Option A — Docker (recommended)

# 1. Clone and enter the project
git clone https://github.com/KavinSundarr/alpha-pipeline.git
cd alpha-pipeline

# 2. Build the image and start the dashboard
docker-compose up --build dashboard

# 3. In a separate terminal, run the full pipeline
docker-compose run --rm pipeline ingest
docker-compose run --rm pipeline run-all --start 2020-01-01

# Dashboard is live at http://localhost:8501

Option B — Local Python

# 1. Create and activate a virtual environment
python -m venv .venv
source .venv/bin/activate          # Windows: .venv\Scripts\activate

# 2. Install dependencies
#    (pin numpy first to avoid the vectorbt / NumPy-2 conflict)
pip install "numpy==1.26.4"
pip install -r requirements.txt

# 3. Ingest market data (downloads ~10 years of OHLCV for 10 tickers)
python main.py ingest

# 4. Run the full pipeline
python main.py run-all --start 2020-01-01

# 5. Launch the dashboard
streamlit run dashboard/app.py

Backtest Results

SMA(20/50) crossover strategy · 2020-01-01 → 2024-12-31 · $100,000 starting capital · 10 bps commission Run python main.py run-all --start 2020-01-01 to reproduce on your machine.

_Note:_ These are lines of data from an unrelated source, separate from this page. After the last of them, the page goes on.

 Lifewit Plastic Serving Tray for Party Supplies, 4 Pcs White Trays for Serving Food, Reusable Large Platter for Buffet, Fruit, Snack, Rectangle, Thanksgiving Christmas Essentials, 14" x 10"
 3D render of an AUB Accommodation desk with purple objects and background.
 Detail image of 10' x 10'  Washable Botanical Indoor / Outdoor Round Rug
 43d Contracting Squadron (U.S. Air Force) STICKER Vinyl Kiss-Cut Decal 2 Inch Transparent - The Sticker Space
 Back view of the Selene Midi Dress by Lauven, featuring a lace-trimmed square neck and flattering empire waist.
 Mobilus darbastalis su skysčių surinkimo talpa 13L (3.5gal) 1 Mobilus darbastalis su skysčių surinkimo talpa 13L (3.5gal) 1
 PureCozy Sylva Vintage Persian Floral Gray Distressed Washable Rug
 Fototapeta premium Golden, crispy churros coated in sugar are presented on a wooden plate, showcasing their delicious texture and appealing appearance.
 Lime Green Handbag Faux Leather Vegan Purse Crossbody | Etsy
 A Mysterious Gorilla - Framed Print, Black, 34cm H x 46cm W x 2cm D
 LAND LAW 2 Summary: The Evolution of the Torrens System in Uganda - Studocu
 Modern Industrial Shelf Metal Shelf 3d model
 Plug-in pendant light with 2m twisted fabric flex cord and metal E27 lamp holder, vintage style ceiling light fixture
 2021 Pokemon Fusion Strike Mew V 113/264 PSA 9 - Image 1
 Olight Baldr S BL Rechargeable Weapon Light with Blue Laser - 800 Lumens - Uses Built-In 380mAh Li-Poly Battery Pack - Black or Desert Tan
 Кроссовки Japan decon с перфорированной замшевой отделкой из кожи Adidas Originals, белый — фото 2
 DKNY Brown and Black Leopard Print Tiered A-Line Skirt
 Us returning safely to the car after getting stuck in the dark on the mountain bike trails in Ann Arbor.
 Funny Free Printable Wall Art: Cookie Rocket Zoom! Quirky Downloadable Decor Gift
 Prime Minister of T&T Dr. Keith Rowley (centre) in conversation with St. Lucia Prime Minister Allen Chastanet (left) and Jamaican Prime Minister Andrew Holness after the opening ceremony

# Ticker Sharpe Max DD Ann. Return Total Return Trades Win Rate
1 NVDA +1.24 28.1% +41.3% +212.4% 8 62.5%
2 AAPL +0.87 18.4% +19.2% +89.6% 10 60.0%
3 META +0.76 31.2% +22.1% +106.3% 7 57.1%
4 MSFT +0.71 19.8% +17.4% +80.1% 9 55.6%
5 GOOGL +0.64 22.3% +15.6% +71.2% 11 54.5%
6 SPY +0.58 16.7% +11.2% +49.8% 6 50.0%
7 AMZN +0.43 35.6% +12.8% +58.7% 12 50.0%
8 JPM +0.31 25.1% +8.9% +39.4% 8 50.0%
9 TSLA -0.12 52.3% -1.4% -6.2% 14 42.9%
10 JNJ -0.24 18.9% -3.2% -14.1% 6 33.3%

Sorted by Sharpe ratio descending. Results are example output — run the pipeline to generate current figures.


Project Structure

alpha-pipeline/
├── main.py                          # CLI entry-point (Typer + Rich)
├── Dockerfile                       # Multi-stage Docker image
├── docker-compose.yml               # pipeline + dashboard + scheduler services
├── pyproject.toml                   # Poetry config with pinned deps
├── requirements.txt                 # pip-installable dependencies
├── requirements-dev.txt             # test dependencies
├── pytest.ini                       # pytest + coverage config
├── test.bat                         # Windows test runner
├── Makefile                         # Unix/macOS test runner
├── LICENSE                          # MIT
│
├── alpha_pipeline/
│   ├── __init__.py
│   ├── ingestion.py                 # yfinance → DuckDB (Ingester)
│   ├── features.py                  # FeatureEngineer: momentum/RSI/vol/SMA
│   ├── backtest.py                  # Backtester + BacktestResult
│   ├── portfolio.py                 # Equal-weight PortfolioBacktester
│   ├── validate.py                  # OHLCVValidator (great_expectations)
│   └── scheduler.py                 # APScheduler cron daemon
│
├── dashboard/
│   └── app.py                       # Streamlit + Plotly interactive UI
│
├── tests/
│   ├── conftest.py                  # shared pytest fixtures
│   ├── helpers.py                   # synthetic OHLCV generator (no network)
│   ├── test_features.py             # unit tests: RSI/momentum/SMA/vol
│   ├── test_integration.py          # end-to-end pipeline (DuckDB → backtest)
│   └── test_validation.py           # data-quality validation tests
│
├── .github/
│   └── workflows/
│       └── ci.yml                   # GitHub Actions: test + Docker build
│
├── data/                            # Auto-created — prices.duckdb lives here
├── logs/                            # Auto-created — pipeline.log (rotating)
└── reports/                         # Auto-created — validation JSON reports

Module Reference

ingestion.py — Ingester

Downloads historical OHLCV data via yfinance and persists it to a local DuckDB database. Automatically runs OHLCVValidator after every download; raises DataValidationError (with a JSON report path) if any check fails. Supports idempotent upserts — re-running never duplicates rows.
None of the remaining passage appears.